The area under pulses is unlikely to increase in the near future, according to an industry official.
Unless the government incentivises farmers to grow pulses, acreage will remain the same in India, said Mr Anurag Tulshan, Cordinator – Eastern & North Eastern Region, India Pulses and Grains Association.
The area under pulses has been stagnant for quite some time now.
Refusing to comment on whether the current rally in chana futures is justifiable, he said that speculation may also be there as chickpea production has declined this year. (Although harvesting has not been completed yet, initial estimates indicate a considerable drop.)
However, the Government should not ban futures trading in chana. It should rather regulate the market more vigilantly. “In fact, we are of the opinion that tur and urad futures, too, must be reintroduced, as futures trading is an early warning mechanism,” Mr Tulshan said.
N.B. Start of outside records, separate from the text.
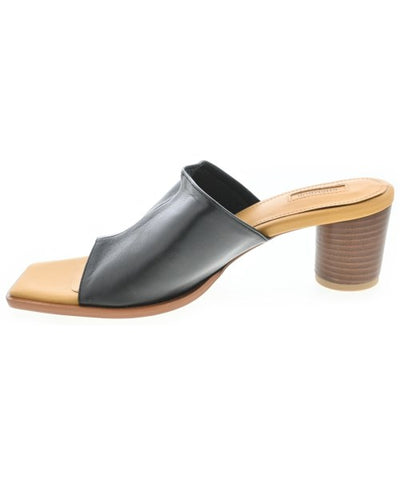 CHEMBUR Sandals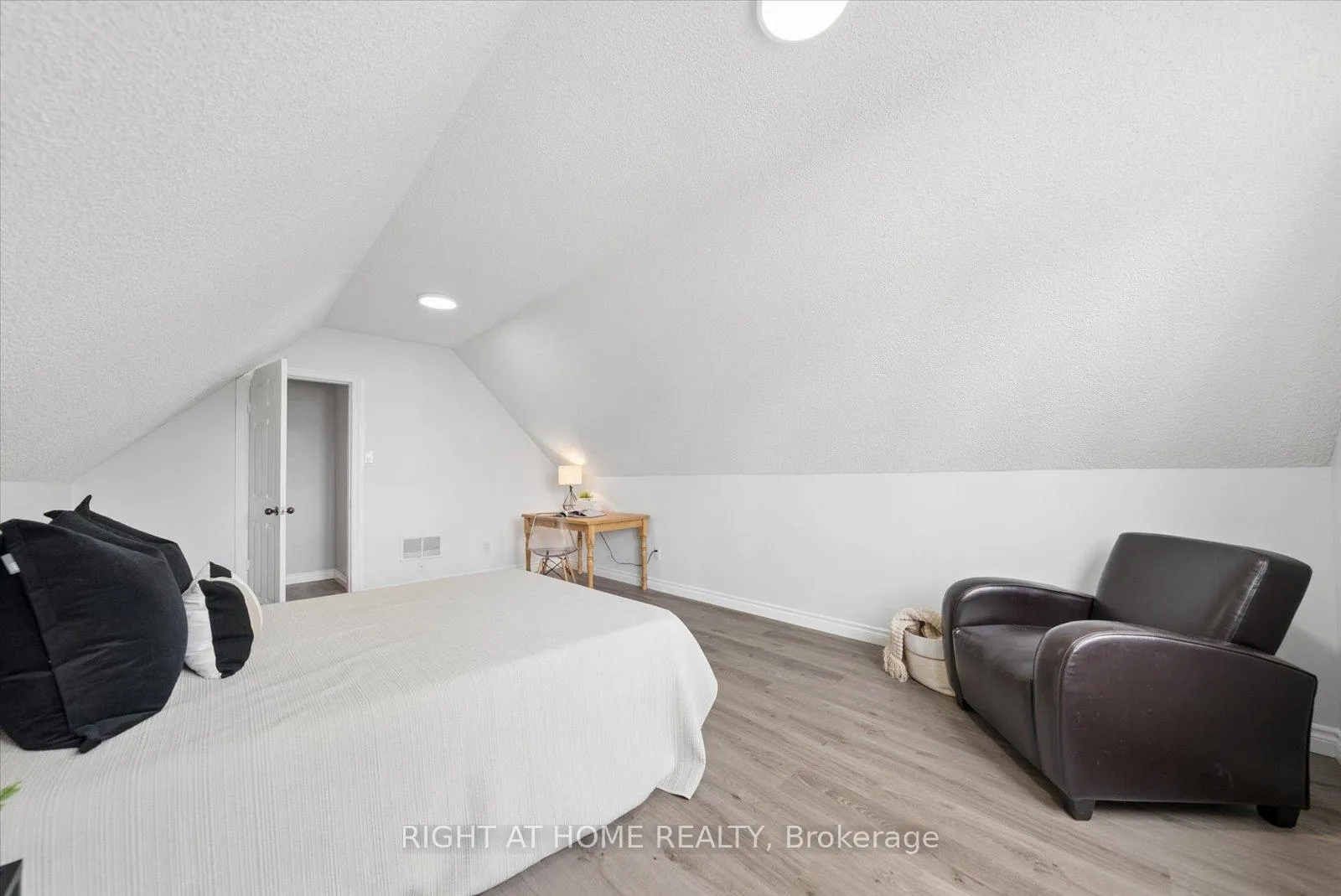 Photo 33 of 1252 Shore Acres Drive, Innisfil, Gilford — HOMEH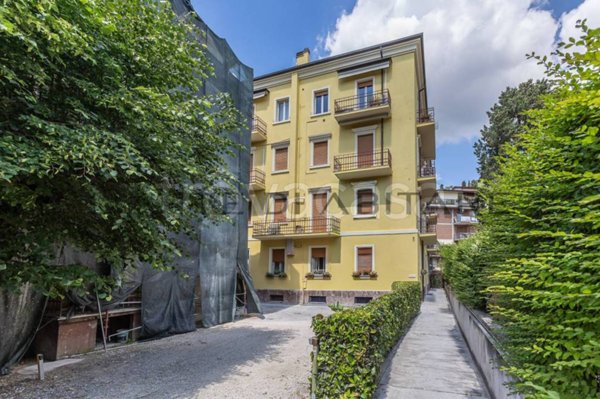 appartamento in vendita a Verona in zona Valdonega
With over 25 per cent of global production, India is a dominant player in the global pulses market. It produces 16-17 million tonnes of pulses a year. On the other hand, it consumes around 21 million tonnes a year with the shortfall is being met through imports.
If the Government allows import of pulses for export (after value-addition, India can become even more dominant. Besides, this will also encourage the milling sector here, said Mr Sudhakar Tomar, Honarary convenor, International Pulse Trade and Industry Confederation.